Madame acquiesça d’un signe, puis tout bas, en rougissant un tantinet, expliqua que le tout devait se trouver dans le petit salon. Victorine se précipita, bouscula Couleuvrine, monsieur de Lamottemoussue et dextrement s’empara d’un tas de vêtements gisant sous le sopha. Elle se sauva, mais dans le couloir sombre, elle se buta à une nudité. Ingénue, elle crut que c’était là sa maîtresse respectée :

— Tenez madame, voilà votre chemise, affirmait-elle.

— Oh ! merci ! susurra un timbre sourd.

Le paquet changea de mains, puis croula sur le sol, tandis que la soubrette s’enfuyait. Or c’était par hasard, madame de Lamottemoussue qui avait reçu les bienheureux vêtements.

Assurément, elle trouva sans peine une chemise, un pantalon, en un mot tout ce qu’il faut pour se vêtir.
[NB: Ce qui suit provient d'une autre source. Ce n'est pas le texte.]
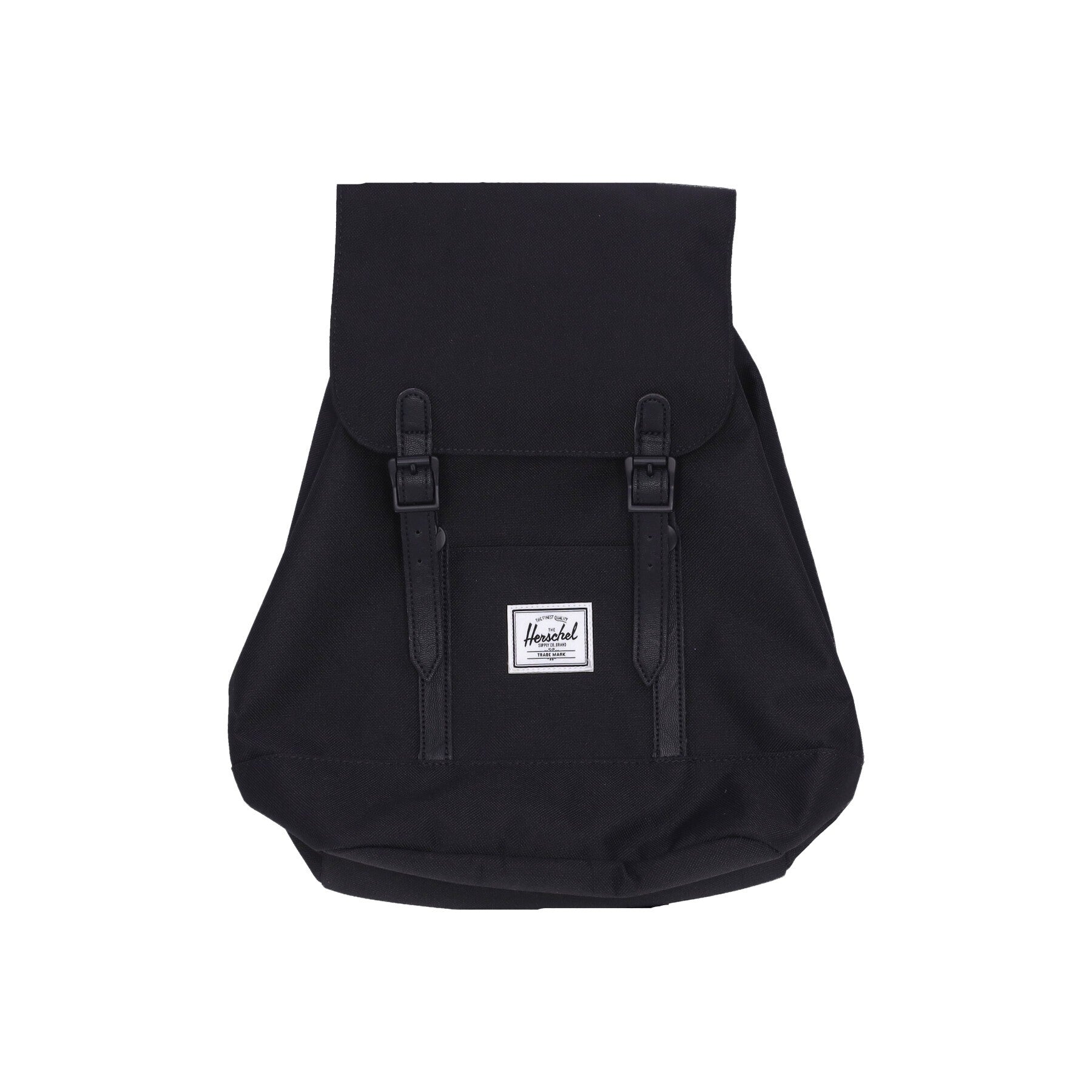 Retreat Mini Men's Backpack Black/black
Et sûre d’elle-même, elle se prépara à rentrer au salon, abandonnant sur le parquet un reste superflu.

Mais mistress Prickshole errait par là. Son pied heurta de la soie. Elle soupira :

God gracious ! c’est mon vêtement !

Très vite, en sportwoman, elle s’habilla et heureuse se dit qu’elle allait au salon, faire une entrée naturelle, candide même.

Cependant, madame de Presfez abandonnée en la salle à manger se morfondait :

— Que fait donc cette fille ? grommelait-elle, injuriant en termes de bonne compagnie, Victorine innocente.

Lassée, elle sortit, et la démarche timide s’en fut le long du couloir. Sous ses pas, elle rencontra un tas de choses floconneuses. Une moue gentille plissa ses traits :

— Cette Victorine est bête comme une oie grasse !

Néanmoins, trouvant sous ses menottes une chemise légère, un pantalon parfumé, un jupon froufroutant, elle se vêtit sans arrière-pensée.

Dans le grand salon, ces messieurs étaient réunis, le professeur de philosophie ne dormait plus, la chanoinesse ne chantait plus :

— J’ai du bon tabac !

Elle prisait.

L’atmosphère était paisible, le silence reposant et les liqueurs variées.

Soudain la porte s’ouvrit et madame de Lamottemoussue parut. Derrière elle surgit radieuse et souriante mistress Bessie ; enfin calme et souveraine la comtesse de Presfez se présenta.

Le plus vif étonnement se peignit sur les visages reposés des hôtes.

Ces dames ne portaient plus les mêmes toilettes qu’au début de la soirée et madame de Lamottemoussue était en train de suer dans la chemise de mistress Brickshole.

Il n’y eut pas de tumulte, on se trouvait entre gens du monde.

En bas, à l’office Caramel expliquait.

— Moi, j’vous dis comme ça qu’vous vous gourez, si vous croyez être chez vous… c’est pas vrai tonnerre, v’s’êtes dans un bain turc.